14:08 < petertodd> jgarzik: do you know the explanation for the name?
14:08 < jgarzik> no, but I can guess
14:08 < amiller> in the most general setting it's called a verification object (VO)
14:08 < jgarzik> tree of trees?
14:09 < petertodd> jgarzik: https://github.com/opentimestamps/opentimestamps-server/blob/master/doc/merkle-mountain-range.md
14:09 < petertodd> Pretty similar to a merkle-skip-list, but it has an unusually simple visual image to expalin it.
14:10 < petertodd> ...and my dad thought the name was hilarious.
14:12 < jgarzik> hmmmm.  Can the identity chain be purely PoS-based, ditching PoW completely?  Not sure.
14:12 < jgarzik> PoS ties you to the bitcoin chain, but loosely
14:13 < petertodd> Well, PoS does always make it possible for a wealthy attacker to attack your chain, but on the other hand, that's really true of PoW too.
14:13 < petertodd> At least PoW makes figuring out how much money they'll have to spend really easy.
14:14 < petertodd> The real problem is what's the incentive to pay enough for the PoS chain, other than "shit, an attacker attacked us, lets go outspend them and and put the chain back!"
14:14 < jgarzik> yeah
14:15  * sipa somehow always reads PoS as 'piece of shit', instead of the (slightly) more common interpretations in the Bitcoin world (including point of sale)
14:15 < jgarzik> PoSa
14:15 < jgarzik> distinguishes between proof of stake and proof of sacrifice
14:15 < petertodd> For low interest chains, your PoS for a block would converge to the fees required to get the root bit of data into the bitcoin blockchain.

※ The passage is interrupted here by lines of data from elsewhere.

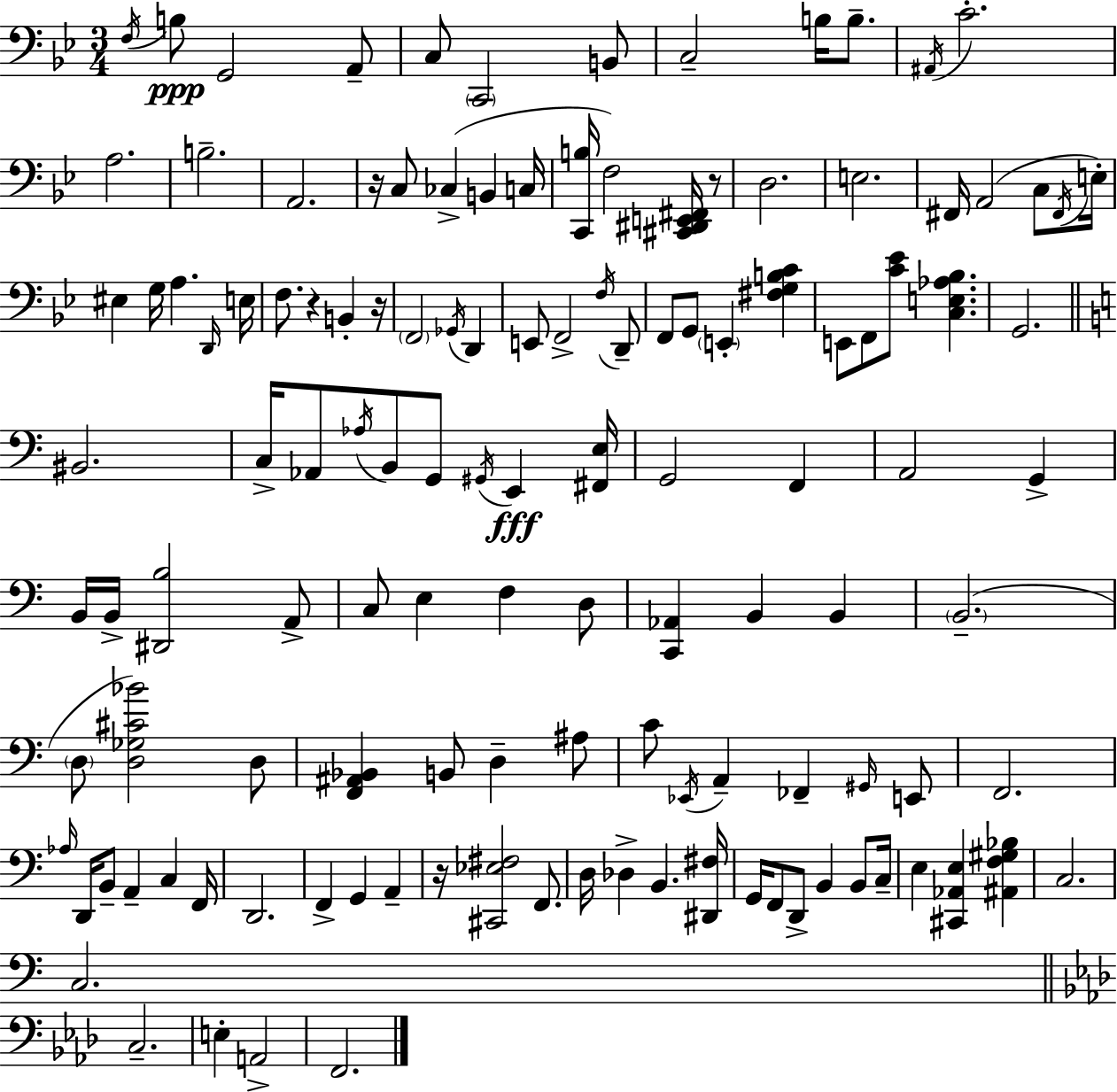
X:1
T:Untitled
M:3/4
L:1/4
K:Gm
F,/4 B,/2 G,,2 A,,/2 C,/2 C,,2 B,,/2 C,2 B,/4 B,/2 ^A,,/4 C2 A,2 B,2 A,,2 z/4 C,/2 _C, B,, C,/4 [C,,B,]/4 F,2 [^C,,^D,,E,,^F,,]/4 z/2 D,2 E,2 ^F,,/4 A,,2 C,/2 ^F,,/4 E,/4 ^E, G,/4 A, D,,/4 E,/4 F,/2 z B,, z/4 F,,2 _G,,/4 D,, E,,/2 F,,2 F,/4 D,,/2 F,,/2 G,,/2 E,, [^F,G,B,C] E,,/2 F,,/2 [C_E]/2 [C,E,_A,_B,] G,,2 ^B,,2 C,/4 _A,,/2 _A,/4 B,,/2 G,,/2 ^G,,/4 E,, [^F,,E,]/4 G,,2 F,, A,,2 G,, B,,/4 B,,/4 [^D,,B,]2 A,,/2 C,/2 E, F, D,/2 [C,,_A,,] B,, B,, B,,2 D,/2 [D,_G,^C_B]2 D,/2 [F,,^A,,_B,,] B,,/2 D, ^A,/2 C/2 _E,,/4 A,, _F,, ^G,,/4 E,,/2 F,,2 _A,/4 D,,/4 B,,/2 A,, C, F,,/4 D,,2 F,, G,, A,, z/4 [^C,,_E,^F,]2 F,,/2 D,/4 _D, B,, [^D,,^F,]/4 G,,/4 F,,/2 D,,/2 B,, B,,/2 C,/4 E, [^C,,_A,,E,] [^A,,F,^G,_B,] C,2 C,2 C,2 E, A,,2 F,,2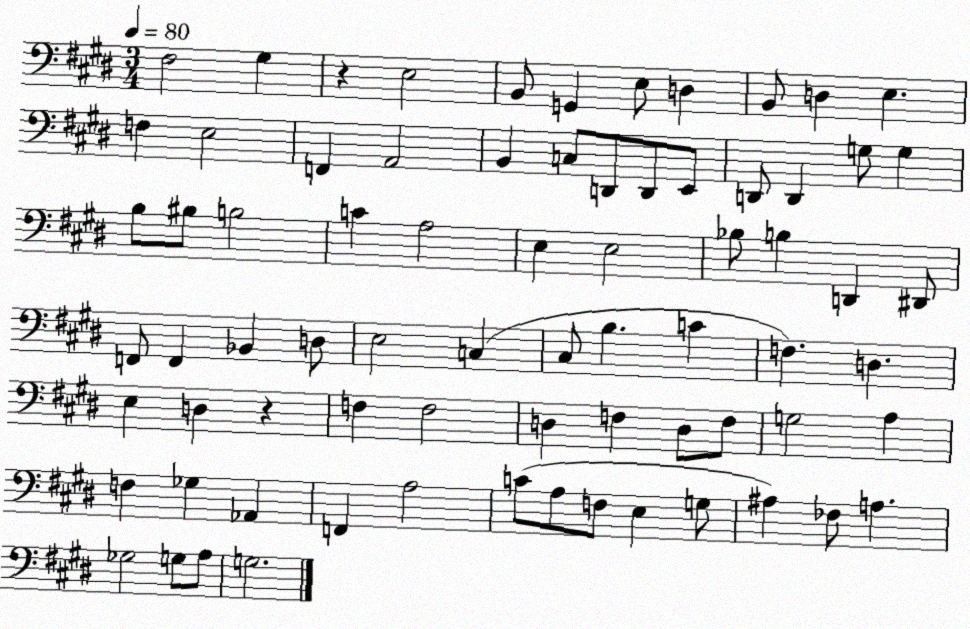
X:1
T:Untitled
M:3/4
L:1/4
K:E
^F,2 ^G, z E,2 B,,/2 G,, E,/2 D, B,,/2 D, E, F, E,2 F,, A,,2 B,, C,/2 D,,/2 D,,/2 E,,/2 D,,/2 D,, G,/2 G, B,/2 ^B,/2 B,2 C A,2 E, E,2 _B,/2 B, D,, ^D,,/2 F,,/2 F,, _B,, D,/2 E,2 C, ^C,/2 B, C F, D, E, D, z F, F,2 D, F, D,/2 F,/2 G,2 A, F, _G, _A,, F,, A,2 C/2 A,/2 F,/2 E, G,/2 ^A, _F,/2 A, _G,2 G,/2 A,/2 G,2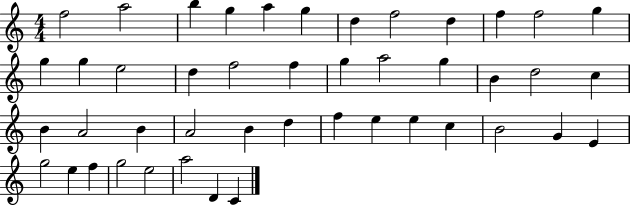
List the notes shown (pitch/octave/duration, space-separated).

F5/h A5/h B5/q G5/q A5/q G5/q D5/q F5/h D5/q F5/q F5/h G5/q G5/q G5/q E5/h D5/q F5/h F5/q G5/q A5/h G5/q B4/q D5/h C5/q B4/q A4/h B4/q A4/h B4/q D5/q F5/q E5/q E5/q C5/q B4/h G4/q E4/q G5/h E5/q F5/q G5/h E5/h A5/h D4/q C4/q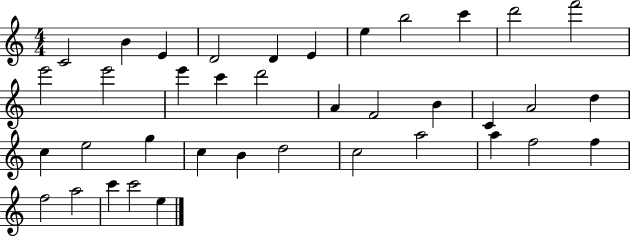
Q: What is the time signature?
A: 4/4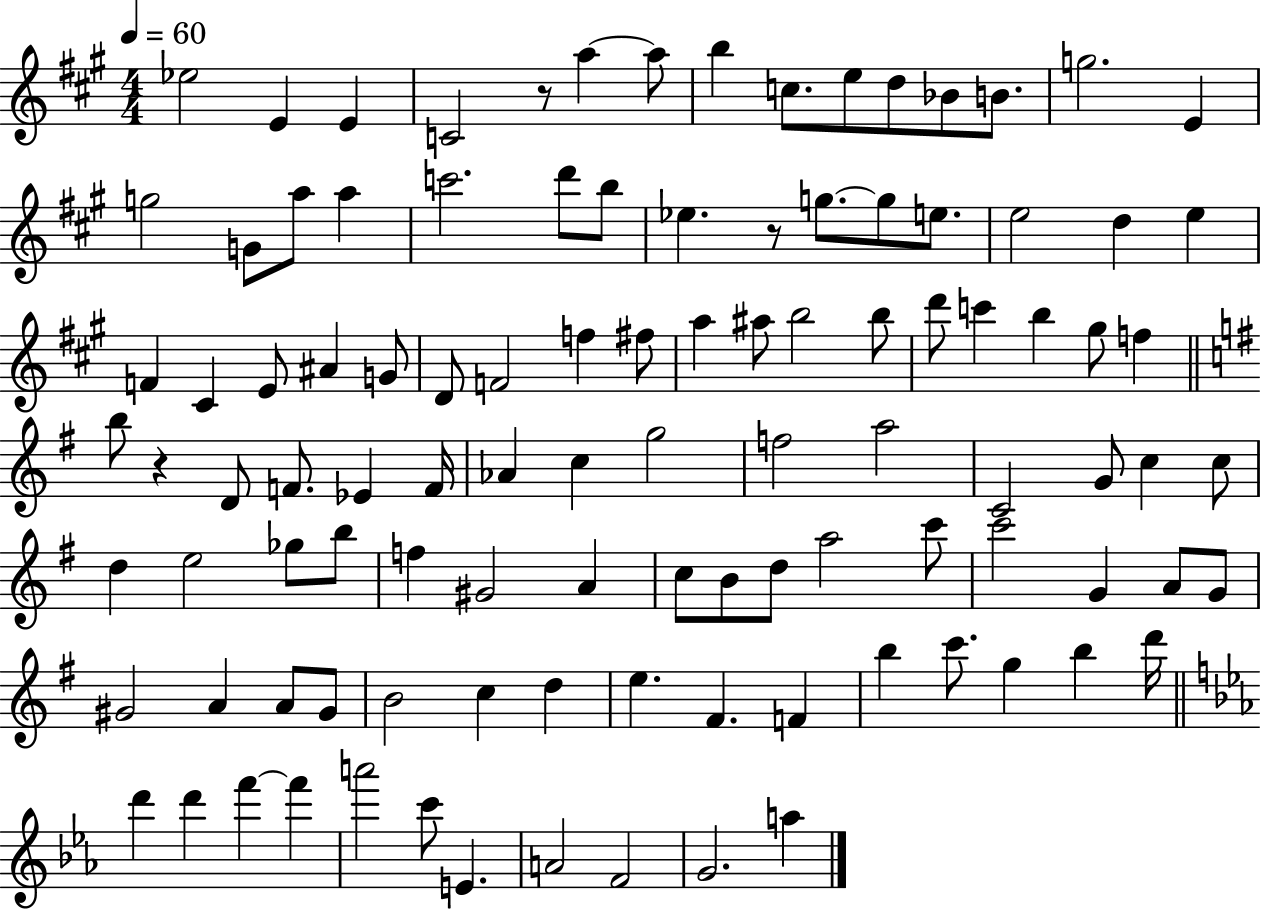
Eb5/h E4/q E4/q C4/h R/e A5/q A5/e B5/q C5/e. E5/e D5/e Bb4/e B4/e. G5/h. E4/q G5/h G4/e A5/e A5/q C6/h. D6/e B5/e Eb5/q. R/e G5/e. G5/e E5/e. E5/h D5/q E5/q F4/q C#4/q E4/e A#4/q G4/e D4/e F4/h F5/q F#5/e A5/q A#5/e B5/h B5/e D6/e C6/q B5/q G#5/e F5/q B5/e R/q D4/e F4/e. Eb4/q F4/s Ab4/q C5/q G5/h F5/h A5/h C4/h G4/e C5/q C5/e D5/q E5/h Gb5/e B5/e F5/q G#4/h A4/q C5/e B4/e D5/e A5/h C6/e C6/h G4/q A4/e G4/e G#4/h A4/q A4/e G#4/e B4/h C5/q D5/q E5/q. F#4/q. F4/q B5/q C6/e. G5/q B5/q D6/s D6/q D6/q F6/q F6/q A6/h C6/e E4/q. A4/h F4/h G4/h. A5/q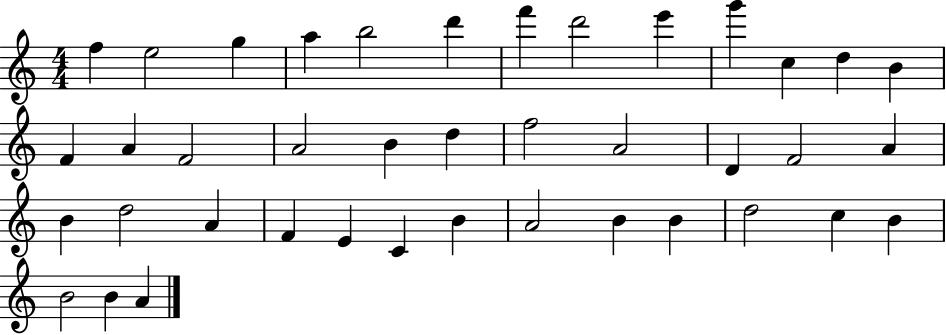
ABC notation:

X:1
T:Untitled
M:4/4
L:1/4
K:C
f e2 g a b2 d' f' d'2 e' g' c d B F A F2 A2 B d f2 A2 D F2 A B d2 A F E C B A2 B B d2 c B B2 B A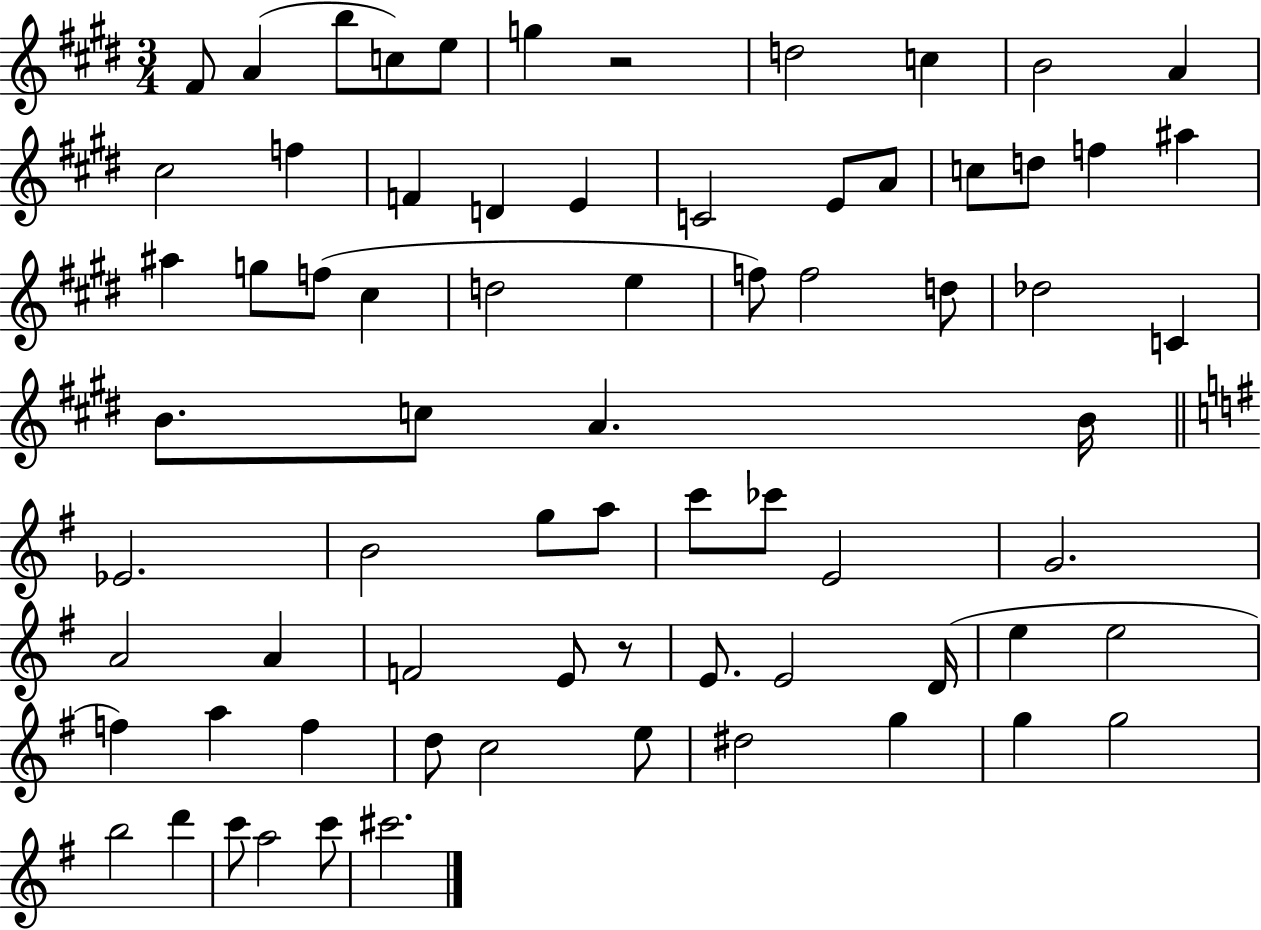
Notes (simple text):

F#4/e A4/q B5/e C5/e E5/e G5/q R/h D5/h C5/q B4/h A4/q C#5/h F5/q F4/q D4/q E4/q C4/h E4/e A4/e C5/e D5/e F5/q A#5/q A#5/q G5/e F5/e C#5/q D5/h E5/q F5/e F5/h D5/e Db5/h C4/q B4/e. C5/e A4/q. B4/s Eb4/h. B4/h G5/e A5/e C6/e CES6/e E4/h G4/h. A4/h A4/q F4/h E4/e R/e E4/e. E4/h D4/s E5/q E5/h F5/q A5/q F5/q D5/e C5/h E5/e D#5/h G5/q G5/q G5/h B5/h D6/q C6/e A5/h C6/e C#6/h.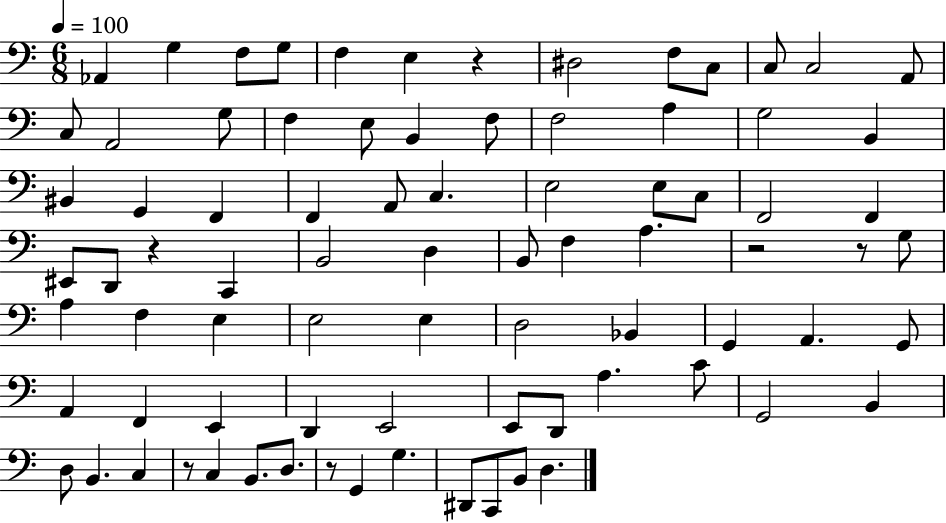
X:1
T:Untitled
M:6/8
L:1/4
K:C
_A,, G, F,/2 G,/2 F, E, z ^D,2 F,/2 C,/2 C,/2 C,2 A,,/2 C,/2 A,,2 G,/2 F, E,/2 B,, F,/2 F,2 A, G,2 B,, ^B,, G,, F,, F,, A,,/2 C, E,2 E,/2 C,/2 F,,2 F,, ^E,,/2 D,,/2 z C,, B,,2 D, B,,/2 F, A, z2 z/2 G,/2 A, F, E, E,2 E, D,2 _B,, G,, A,, G,,/2 A,, F,, E,, D,, E,,2 E,,/2 D,,/2 A, C/2 G,,2 B,, D,/2 B,, C, z/2 C, B,,/2 D,/2 z/2 G,, G, ^D,,/2 C,,/2 B,,/2 D,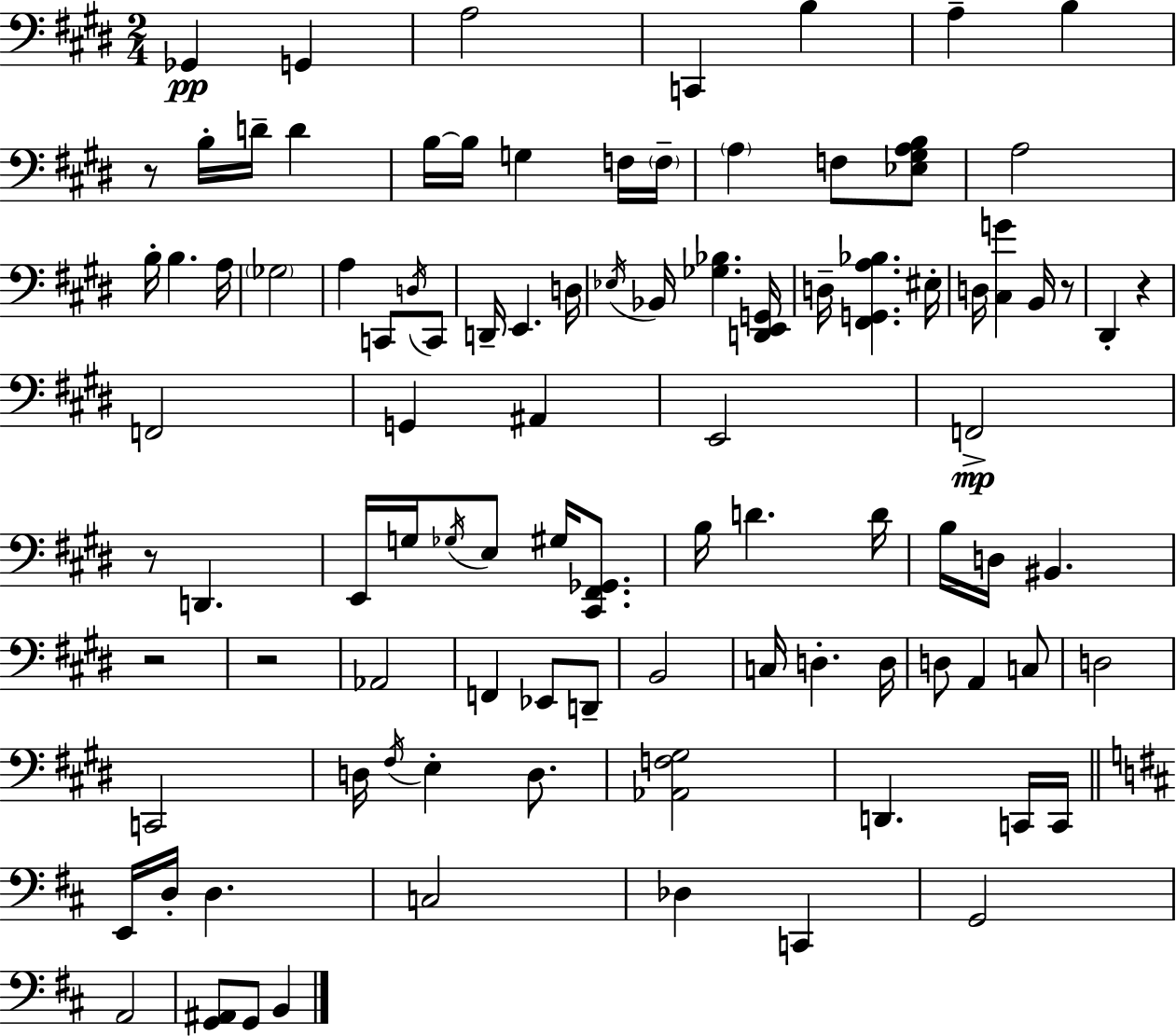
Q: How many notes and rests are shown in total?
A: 97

14:15 < jgarzik> and point of sale
14:16 < jgarzik> petertodd, true
14:16 < sipa> PrOSt, PrOSa, PoOS
14:16 < petertodd> we should call proof-of-stake PoT in reference to what the creaters of proof-of-stake systems usually seem to be smoking
14:16 < jgarzik> hah
14:17 < petertodd> also, keep in mind that not unlike Bitcoin, with any k-v system where updates are signed, the attacker has to rewrite the whole chain all the way back to the initial insertion
14:18 < petertodd> and there's nothing stopping you from using manual checkpoints, as ugly as that is
14:18 < jgarzik> most chains bootstrap into existence using this ugly solution
14:18 < jgarzik> including bitcoin ;p
14:18 < petertodd> indeed
14:20 < petertodd> also with signatures on updates, the chain *can* be a dag structure, with conflict resolution being done via highest total PoS
14:20 < petertodd> it's totally ok to "mine" a block with some secret k/v setting, and reveal it much later provided that there aren't conflicts
14:22 < petertodd> re: namespaces, note how the tradeoffs are kinda weird here, bigger blocks are definitely better up to the decentralization limit, because they allow as many parties as possible to share one PoS
14:22 < jgarzik> nod.  Some k-v will definitely be private, to be revealed only to chosen parties
14:23 < jgarzik> e.g. you might not publish your real name and government attestation, but you would give permission to give out that info to certain parties.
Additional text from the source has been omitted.